**Assignment**
The response should consist of the listing, repeated word for word.

**Extracted data**
============

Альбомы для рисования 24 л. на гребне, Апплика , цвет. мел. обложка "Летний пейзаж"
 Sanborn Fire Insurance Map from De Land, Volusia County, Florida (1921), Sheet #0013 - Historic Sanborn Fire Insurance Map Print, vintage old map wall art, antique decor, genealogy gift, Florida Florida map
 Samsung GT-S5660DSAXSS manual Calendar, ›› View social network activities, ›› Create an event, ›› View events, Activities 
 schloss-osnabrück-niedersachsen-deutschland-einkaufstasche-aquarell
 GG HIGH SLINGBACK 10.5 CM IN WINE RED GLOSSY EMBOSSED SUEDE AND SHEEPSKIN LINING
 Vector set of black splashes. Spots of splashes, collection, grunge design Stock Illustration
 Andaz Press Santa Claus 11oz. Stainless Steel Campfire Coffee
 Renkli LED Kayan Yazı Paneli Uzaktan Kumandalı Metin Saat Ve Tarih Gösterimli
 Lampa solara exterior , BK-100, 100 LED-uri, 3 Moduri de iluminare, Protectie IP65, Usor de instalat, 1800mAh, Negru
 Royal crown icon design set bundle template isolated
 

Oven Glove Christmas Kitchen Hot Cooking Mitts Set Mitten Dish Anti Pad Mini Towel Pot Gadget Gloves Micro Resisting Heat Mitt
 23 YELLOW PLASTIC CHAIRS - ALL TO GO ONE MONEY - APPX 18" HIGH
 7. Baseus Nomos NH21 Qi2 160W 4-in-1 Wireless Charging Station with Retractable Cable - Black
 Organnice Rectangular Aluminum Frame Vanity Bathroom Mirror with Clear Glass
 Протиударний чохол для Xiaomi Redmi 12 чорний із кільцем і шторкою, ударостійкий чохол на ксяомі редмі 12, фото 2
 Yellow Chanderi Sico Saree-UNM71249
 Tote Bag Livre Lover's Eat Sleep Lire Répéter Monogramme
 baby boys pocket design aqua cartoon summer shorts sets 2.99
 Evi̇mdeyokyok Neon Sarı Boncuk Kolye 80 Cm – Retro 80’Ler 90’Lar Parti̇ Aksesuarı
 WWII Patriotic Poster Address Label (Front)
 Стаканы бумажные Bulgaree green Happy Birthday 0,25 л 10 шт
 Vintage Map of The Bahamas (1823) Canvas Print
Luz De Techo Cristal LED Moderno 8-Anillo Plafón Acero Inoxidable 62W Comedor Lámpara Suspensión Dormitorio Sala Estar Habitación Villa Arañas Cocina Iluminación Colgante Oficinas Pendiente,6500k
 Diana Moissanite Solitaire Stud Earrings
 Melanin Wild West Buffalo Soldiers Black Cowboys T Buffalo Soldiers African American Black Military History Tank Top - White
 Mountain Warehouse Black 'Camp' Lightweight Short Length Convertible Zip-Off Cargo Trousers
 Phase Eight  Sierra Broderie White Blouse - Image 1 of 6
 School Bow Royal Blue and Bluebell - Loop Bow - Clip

============

**Result of this task**
Альбомы для рисования 24 л. на гребне, Апплика , цвет. мел. обложка "Летний пейзаж"
 Sanborn Fire Insurance Map from De Land, Volusia County, Florida (1921), Sheet #0013 - Historic Sanborn Fire Insurance Map Print, vintage old map wall art, antique decor, genealogy gift, Florida Florida map
 Samsung GT-S5660DSAXSS manual Calendar, ›› View social network activities, ›› Create an event, ›› View events, Activities 
 schloss-osnabrück-niedersachsen-deutschland-einkaufstasche-aquarell
 GG HIGH SLINGBACK 10.5 CM IN WINE RED GLOSSY EMBOSSED SUEDE AND SHEEPSKIN LINING
 Vector set of black splashes. Spots of splashes, collection, grunge design Stock Illustration
 Andaz Press Santa Claus 11oz. Stainless Steel Campfire Coffee
 Renkli LED Kayan Yazı Paneli Uzaktan Kumandalı Metin Saat Ve Tarih Gösterimli
 Lampa solara exterior , BK-100, 100 LED-uri, 3 Moduri de iluminare, Protectie IP65, Usor de instalat, 1800mAh, Negru
 Royal crown icon design set bundle template isolated
 

Oven Glove Christmas Kitchen Hot Cooking Mitts Set Mitten Dish Anti Pad Mini Towel Pot Gadget Gloves Micro Resisting Heat Mitt
 23 YELLOW PLASTIC CHAIRS - ALL TO GO ONE MONEY - APPX 18" HIGH
 7. Baseus Nomos NH21 Qi2 160W 4-in-1 Wireless Charging Station with Retractable Cable - Black
 Organnice Rectangular Aluminum Frame Vanity Bathroom Mirror with Clear Glass
 Протиударний чохол для Xiaomi Redmi 12 чорний із кільцем і шторкою, ударостійкий чохол на ксяомі редмі 12, фото 2
 Yellow Chanderi Sico Saree-UNM71249
 Tote Bag Livre Lover's Eat Sleep Lire Répéter Monogramme
 baby boys pocket design aqua cartoon summer shorts sets 2.99
 Evi̇mdeyokyok Neon Sarı Boncuk Kolye 80 Cm – Retro 80’Ler 90’Lar Parti̇ Aksesuarı
 WWII Patriotic Poster Address Label (Front)
 Стаканы бумажные Bulgaree green Happy Birthday 0,25 л 10 шт
 Vintage Map of The Bahamas (1823) Canvas Print
Luz De Techo Cristal LED Moderno 8-Anillo Plafón Acero Inoxidable 62W Comedor Lámpara Suspensión Dormitorio Sala Estar Habitación Villa Arañas Cocina Iluminación Colgante Oficinas Pendiente,6500k
 Diana Moissanite Solitaire Stud Earrings
 Melanin Wild West Buffalo Soldiers Black Cowboys T Buffalo Soldiers African American Black Military History Tank Top - White
 Mountain Warehouse Black 'Camp' Lightweight Short Length Convertible Zip-Off Cargo Trousers
 Phase Eight  Sierra Broderie White Blouse - Image 1 of 6
 School Bow Royal Blue and Bluebell - Loop Bow - Clip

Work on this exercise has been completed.